**TASK DETAILS**
A faithful transcription of all the data, images excluded, is the required answer.

········

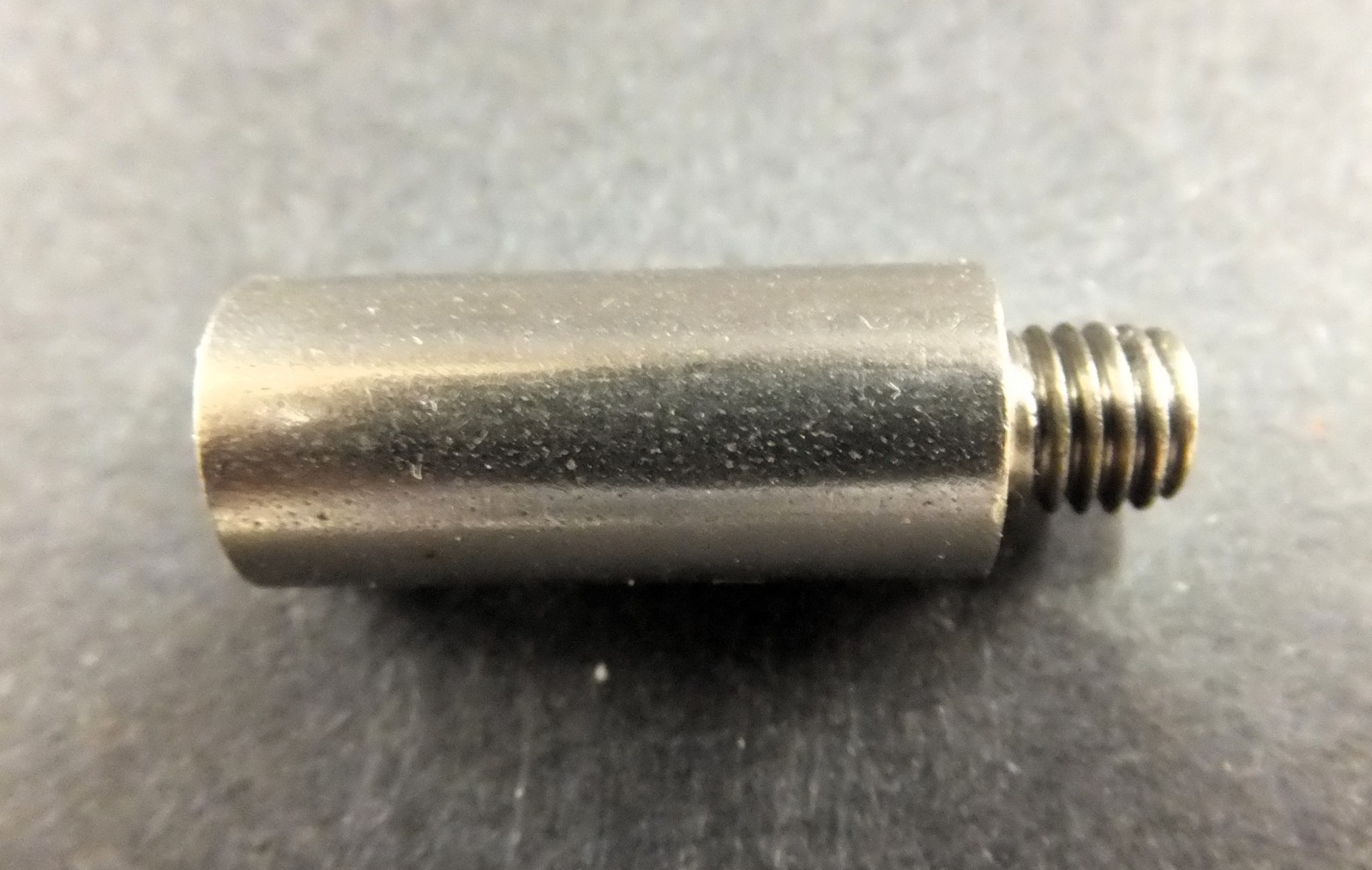 NFLSSSD51634 5316, 5/16 x 3/4 w/M5 x 3/16, STAINLESS, NON FLANGED, SHLDR CD STUD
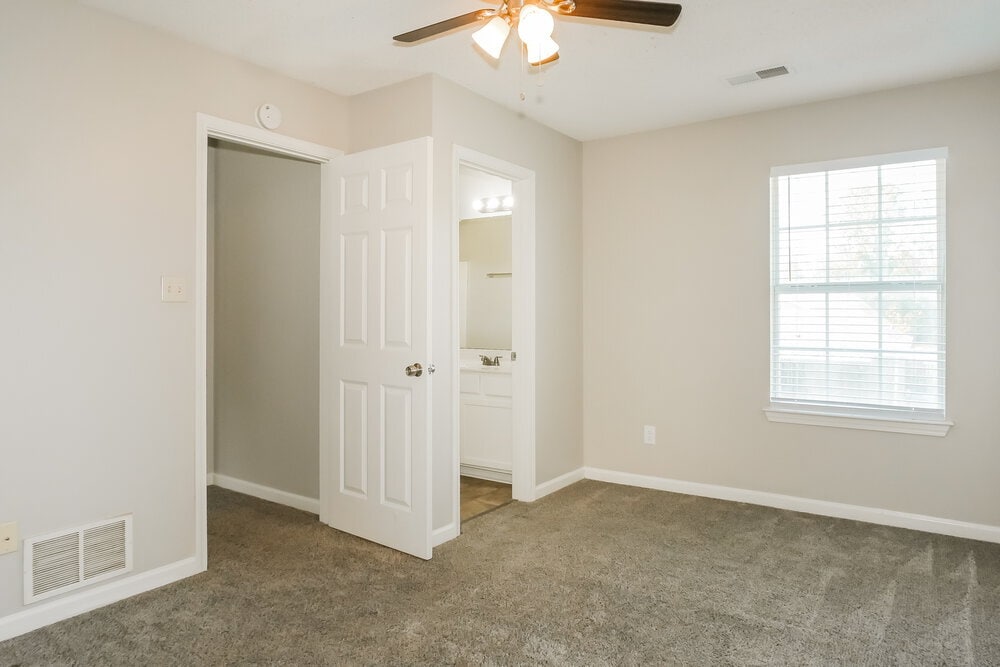 Building Photo - 4551 Blue River Dr
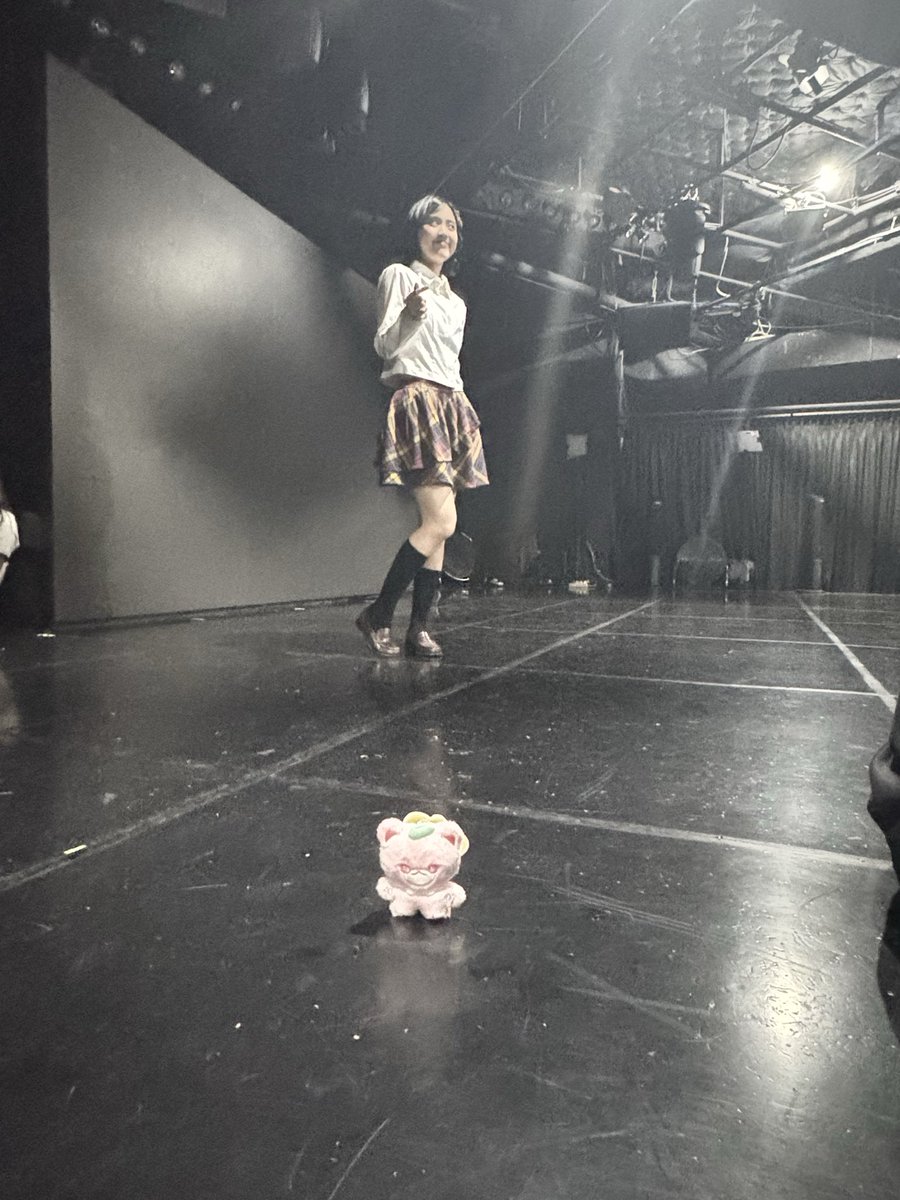 H_EliJKT48's tweet photo. Jeong bokhyun bersama raksasa https://t.co/puPcDdDpuU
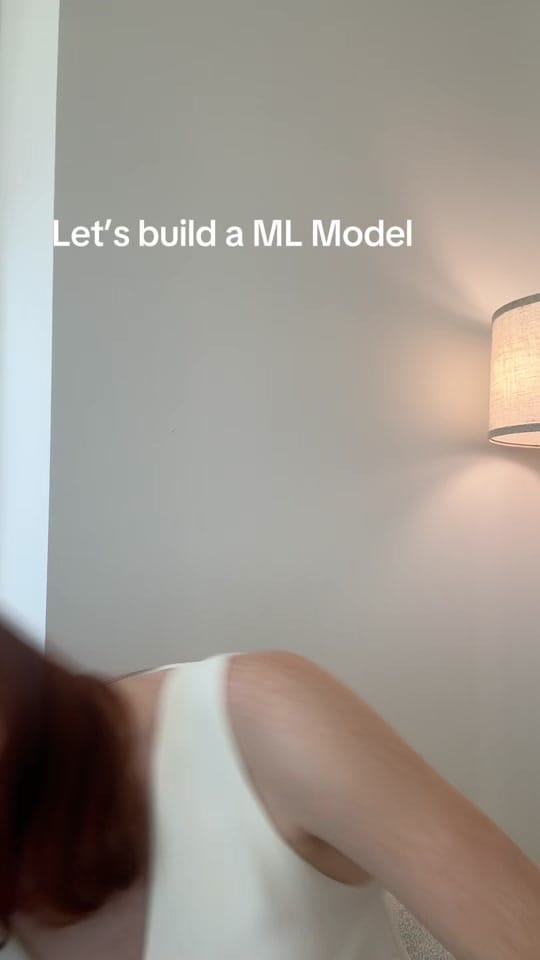 Post 2 by Mariana Antaya on TikTok (video)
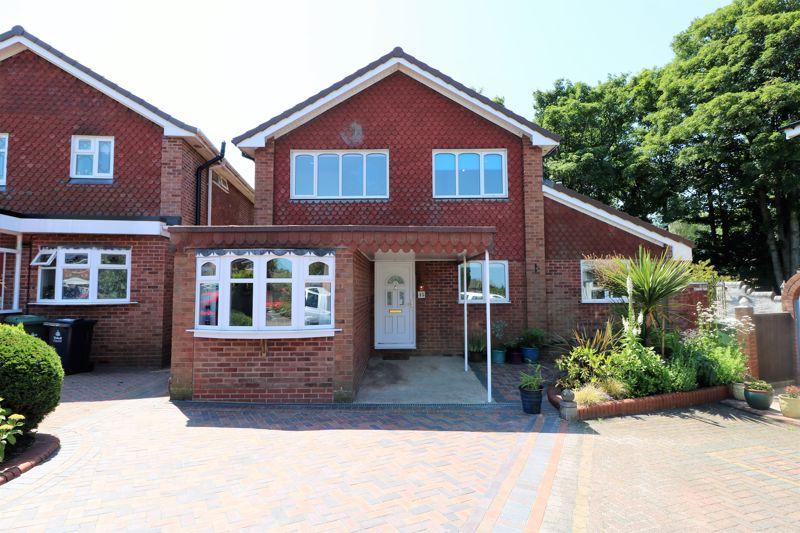 Leigh Close, Walsall 4 bed detached house £355,000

········

**EXPECTED ANSWER**
 NFLSSSD51634 5316, 5/16 x 3/4 w/M5 x 3/16, STAINLESS, NON FLANGED, SHLDR CD STUD
 Building Photo - 4551 Blue River Dr
 H_EliJKT48's tweet photo. Jeong bokhyun bersama raksasa https://t.co/puPcDdDpuU
 Post 2 by Mariana Antaya on TikTok (video)
 Leigh Close, Walsall 4 bed detached house £355,000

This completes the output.